Work request
The entries below contain pictures, which are to be left out; write out exactly, and only, the lines from the line with "Image of Columbia" up to and including the line with "Tess™ | Conjunto".

Stored data
BEGIN

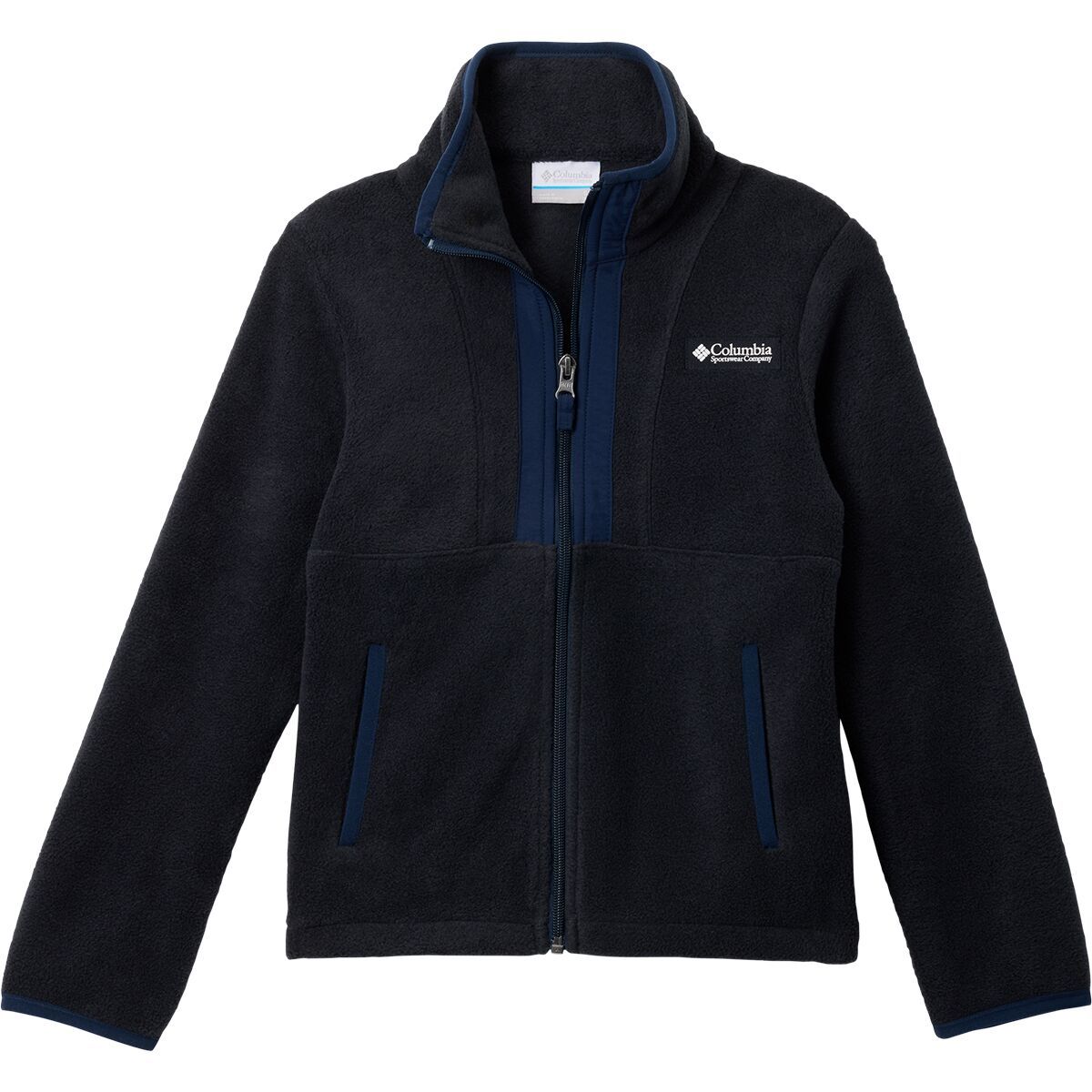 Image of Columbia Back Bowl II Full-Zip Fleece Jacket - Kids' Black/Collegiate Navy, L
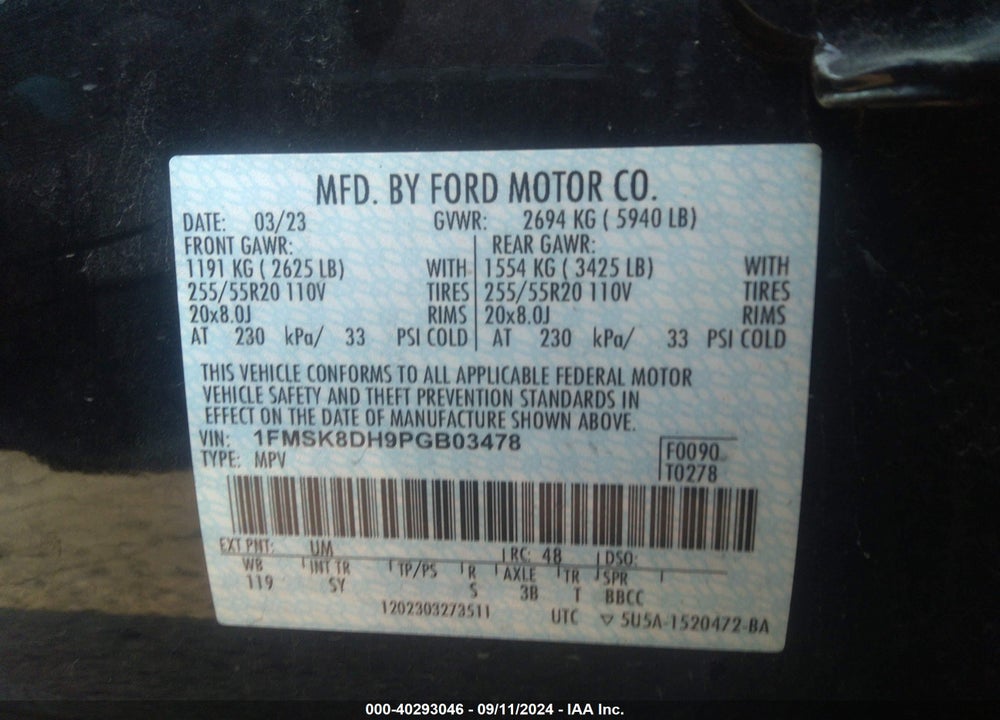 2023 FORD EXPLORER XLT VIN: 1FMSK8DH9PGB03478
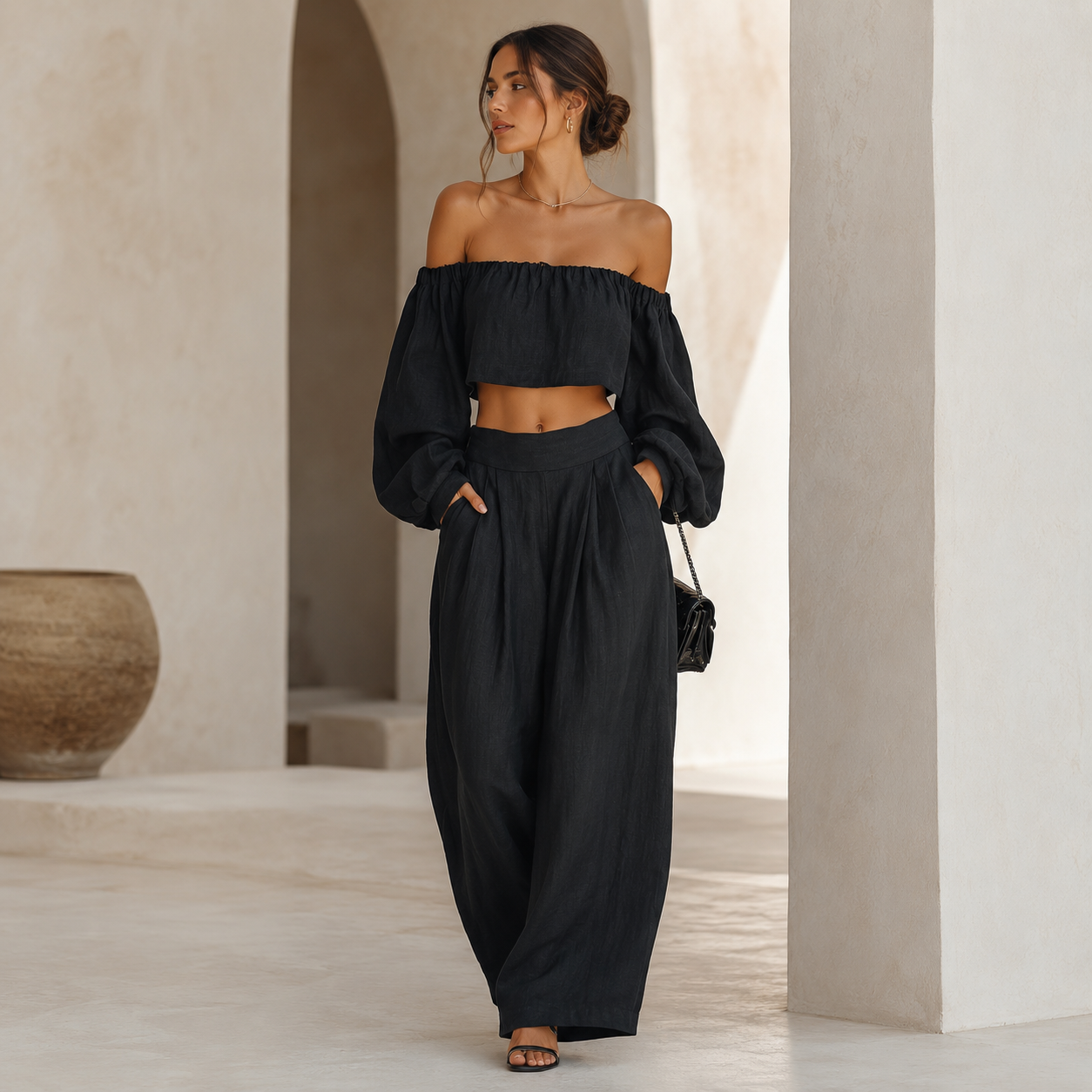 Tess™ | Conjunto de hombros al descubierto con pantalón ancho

END
BEGIN

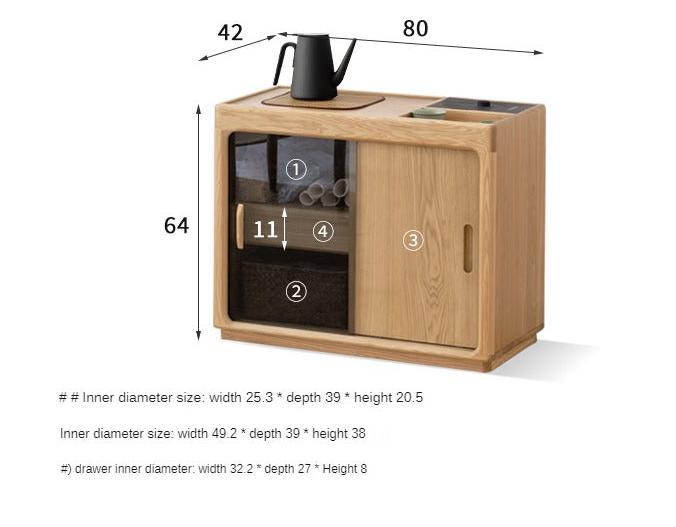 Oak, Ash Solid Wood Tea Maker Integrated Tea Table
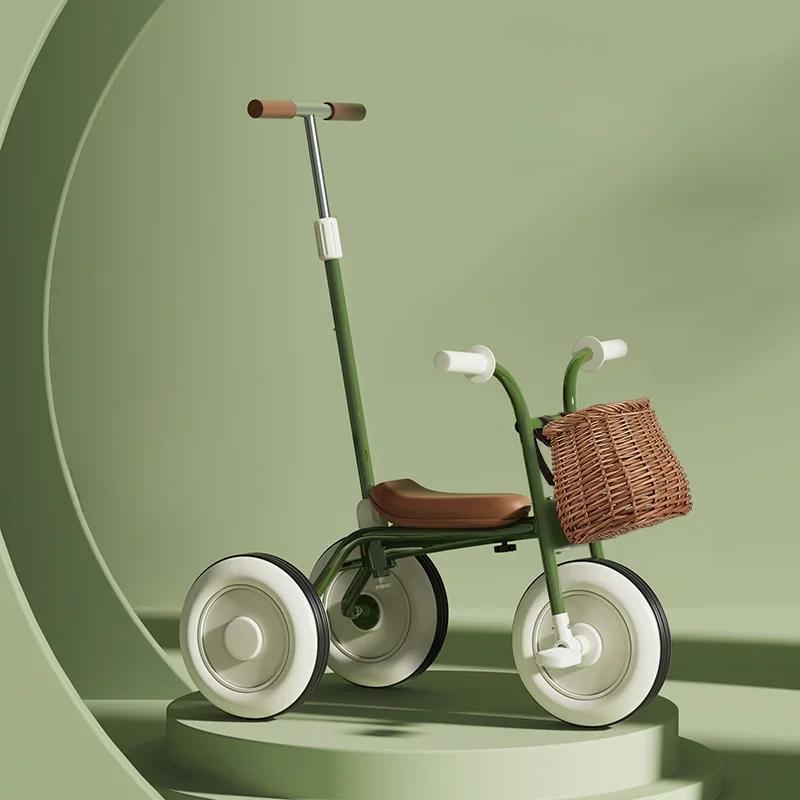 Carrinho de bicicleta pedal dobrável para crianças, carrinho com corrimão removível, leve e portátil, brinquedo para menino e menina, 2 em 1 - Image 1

END

Solved problem
 Image of Columbia Back Bowl II Full-Zip Fleece Jacket - Kids' Black/Collegiate Navy, L
 2023 FORD EXPLORER XLT VIN: 1FMSK8DH9PGB03478
 Tess™ | Conjunto de hombros al descubierto con pantalón ancho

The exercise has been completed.